Application execution

In order to use this application user will open our provided blender file, the import script that realizes our solution and executes the main runner function. Inside that this will happen: Feature extractor loads music file and extracts music features from it. Param normalizer takes those features as input process them to usable values (so they are not too big or too small). Model exporter module takes those normalized features as its input, creates a 3D model in Blender and export it in STL file.

Feature extraction

In this section feature, it is shown how feature extraction is executed inside the Feature extractor module. The extractor will use each selected metric (see User manual section) on the provided input file.

Installation guide

Prerequisites

• Blender (https://www.blender.org/)

Necessary files (download)

• smvit.blend - blender project with all different setting
• main.py - python script for generating 3D model
• requirements.txt - required python libraries to run script

Installing and setting up Blender

• Install Blender. It comes with a python interpreter.
• If you have Python installed and in the path, you need to install python libraries in the python interpreter in the path. If you don’t have Python globally installed, you need to use the provided one. It is located in the Blender installation directory Blender\your_blender_version\python\bin.

Install python libraries

• First, you need to determine which python interpreter is Blender using. You need to check if you have Python in the PATH variable. You can do this by executing the command “where python” in the command prompt.
• After you determine which Python is Blender using, you need to install the required libraries. Change directory to where requirements.txt is located, then run pip install -r requirements.txt using pip of selected Python.

User manual

Available music formats

• .wav, .mp3

Open blender file (add some comment about admin privileges), choose python, Load script

• After installing Blender you can open the provided smvit.blend file.

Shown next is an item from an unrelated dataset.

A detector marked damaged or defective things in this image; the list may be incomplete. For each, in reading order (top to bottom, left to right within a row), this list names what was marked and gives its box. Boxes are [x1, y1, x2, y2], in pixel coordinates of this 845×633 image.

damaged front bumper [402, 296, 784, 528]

• Then you need to open the Scripting tab in the menu.

  

• Script should be loaded automatically.

• If it is not opened and loaded automatically you need to open it. Click Open and select the provided python file.

  

• After opening the python file it should look like this.

  

Set control variables (path, metrics, etc…) and execute script

• You need to set mandatory settings in the script. Set input_file as the absolute path to the .wav file you want to process. The absolute path to the output directory is stored in export_basepath. Then you need to set boundaries for model size, default settings in 20 cm max and 2.5 cm min (values are stored in meters). Model generation needs 6 values from the input file, u need to set the function to get these 6 values, choose functions from the script and save them in feature_mapping.

  

• You can execute the script by pressing the “Run Script” button or by keyboard shortcut ALT + P.

How to export to STL

• This step is done automatically in script.

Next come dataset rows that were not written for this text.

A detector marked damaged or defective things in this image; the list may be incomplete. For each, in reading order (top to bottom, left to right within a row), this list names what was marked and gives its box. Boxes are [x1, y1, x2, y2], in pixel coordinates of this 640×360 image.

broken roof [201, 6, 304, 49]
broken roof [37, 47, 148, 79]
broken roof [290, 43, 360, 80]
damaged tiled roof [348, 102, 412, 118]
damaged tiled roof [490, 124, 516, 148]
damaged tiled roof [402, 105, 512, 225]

• If you want to export it manually or use a different format you need to go to File -> Export -> Stl (or your preferred format).

  

• You don’t need to change any export settings, all is set in provided Blend file

  

Available metrics

Sample rate

Sample rate or sampling frequency defines the number of samples per second taken from a continuous signal to make a discrete or digital signal. The most common sampling rate is 44.1 kHz or 44 100 Hz. The sample rate is measured in Hz.

Functions:

• get_sample_rate - returns sample rate of sample in Hz

Duration

Duration is the time during which something exists or lasts. Duration measures the length of a given semple. Duration is measured in seconds.

Functions:

• get_duration - returns duration of sample in seconds

Zero-crossing

A zero-crossing is a point where the sign of a mathematical function (in our case waveform) changes (e.g. from positive to negative), represented by an intercept of the axis (zero value) in the graph of the function. It is a commonly used term in electronics, mathematics, acoustics, and image processing.

Functions:

• get_zero_crossing_count - returns count of zero crossings in entire sample
• get_zero_crossing_count_per_second - returns count of zero crossings per second

Tuning

Tuning is a particular key or set of pitches to which an instrument, especially one with strings, is tuned. Tuning is measured as estimated tuning deviation (fractions of a bin).

Functions:

• get_tuning - returns estimated tuning deviation (fractions of a bin)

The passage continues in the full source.